DATA RECORDS:

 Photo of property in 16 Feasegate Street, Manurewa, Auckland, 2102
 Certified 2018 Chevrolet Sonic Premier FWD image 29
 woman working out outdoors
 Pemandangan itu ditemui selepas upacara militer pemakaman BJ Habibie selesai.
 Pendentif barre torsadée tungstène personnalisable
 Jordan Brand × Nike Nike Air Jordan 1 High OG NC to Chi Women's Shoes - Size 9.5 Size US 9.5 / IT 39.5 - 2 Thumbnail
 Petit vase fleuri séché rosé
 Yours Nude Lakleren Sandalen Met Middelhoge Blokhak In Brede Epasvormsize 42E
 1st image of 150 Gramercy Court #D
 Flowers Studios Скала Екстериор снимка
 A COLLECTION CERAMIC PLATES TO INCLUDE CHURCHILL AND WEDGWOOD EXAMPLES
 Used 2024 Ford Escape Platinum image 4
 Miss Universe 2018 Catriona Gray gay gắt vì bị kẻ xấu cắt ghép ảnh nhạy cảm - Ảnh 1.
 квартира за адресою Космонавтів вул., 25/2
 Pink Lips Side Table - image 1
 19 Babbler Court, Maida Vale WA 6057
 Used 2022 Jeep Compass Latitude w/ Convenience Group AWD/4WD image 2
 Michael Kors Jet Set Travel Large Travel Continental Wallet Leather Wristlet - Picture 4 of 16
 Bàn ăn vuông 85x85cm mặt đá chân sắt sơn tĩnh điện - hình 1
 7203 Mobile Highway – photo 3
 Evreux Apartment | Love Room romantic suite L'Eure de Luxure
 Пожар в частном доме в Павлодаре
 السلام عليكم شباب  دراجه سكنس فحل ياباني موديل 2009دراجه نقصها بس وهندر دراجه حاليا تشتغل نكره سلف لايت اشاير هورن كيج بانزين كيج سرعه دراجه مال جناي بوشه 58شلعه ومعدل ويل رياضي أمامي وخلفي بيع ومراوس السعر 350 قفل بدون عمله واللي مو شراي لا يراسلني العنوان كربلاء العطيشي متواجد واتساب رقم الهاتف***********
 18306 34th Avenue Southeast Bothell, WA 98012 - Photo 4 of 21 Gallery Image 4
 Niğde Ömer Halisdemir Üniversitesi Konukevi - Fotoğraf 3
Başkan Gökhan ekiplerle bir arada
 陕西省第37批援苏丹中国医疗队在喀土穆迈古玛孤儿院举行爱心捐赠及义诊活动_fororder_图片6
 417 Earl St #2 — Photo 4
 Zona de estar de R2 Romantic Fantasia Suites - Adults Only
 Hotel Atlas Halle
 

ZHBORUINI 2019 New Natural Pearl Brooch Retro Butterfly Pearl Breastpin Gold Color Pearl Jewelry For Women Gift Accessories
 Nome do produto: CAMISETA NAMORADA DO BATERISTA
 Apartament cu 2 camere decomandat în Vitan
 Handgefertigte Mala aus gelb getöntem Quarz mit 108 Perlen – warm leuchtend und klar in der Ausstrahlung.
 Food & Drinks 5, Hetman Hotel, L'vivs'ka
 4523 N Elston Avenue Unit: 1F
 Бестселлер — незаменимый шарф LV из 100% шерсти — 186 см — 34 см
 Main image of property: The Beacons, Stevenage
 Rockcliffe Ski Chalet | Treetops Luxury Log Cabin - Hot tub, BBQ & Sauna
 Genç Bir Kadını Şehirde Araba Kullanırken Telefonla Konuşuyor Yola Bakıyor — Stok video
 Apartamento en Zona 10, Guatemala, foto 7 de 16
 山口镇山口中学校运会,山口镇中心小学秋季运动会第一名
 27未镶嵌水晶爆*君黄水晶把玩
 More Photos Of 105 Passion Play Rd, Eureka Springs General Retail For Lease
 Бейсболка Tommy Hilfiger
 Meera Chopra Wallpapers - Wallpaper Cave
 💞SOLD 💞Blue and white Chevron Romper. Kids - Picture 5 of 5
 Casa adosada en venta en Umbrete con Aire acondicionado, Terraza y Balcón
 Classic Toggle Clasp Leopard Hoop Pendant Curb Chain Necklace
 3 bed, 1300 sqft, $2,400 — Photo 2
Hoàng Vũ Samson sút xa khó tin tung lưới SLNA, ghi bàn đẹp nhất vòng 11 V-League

REQUIRED ACTION:
Given the records above, return exactly the lines starting at the line containing "More Photos Of" and ending at the line containing "3 bed, 1300 sqft, $2,400 — Photo 2", including both.

REPLY:
 More Photos Of 105 Passion Play Rd, Eureka Springs General Retail For Lease
 Бейсболка Tommy Hilfiger
 Meera Chopra Wallpapers - Wallpaper Cave
 💞SOLD 💞Blue and white Chevron Romper. Kids - Picture 5 of 5
 Casa adosada en venta en Umbrete con Aire acondicionado, Terraza y Balcón
 Classic Toggle Clasp Leopard Hoop Pendant Curb Chain Necklace
 3 bed, 1300 sqft, $2,400 — Photo 2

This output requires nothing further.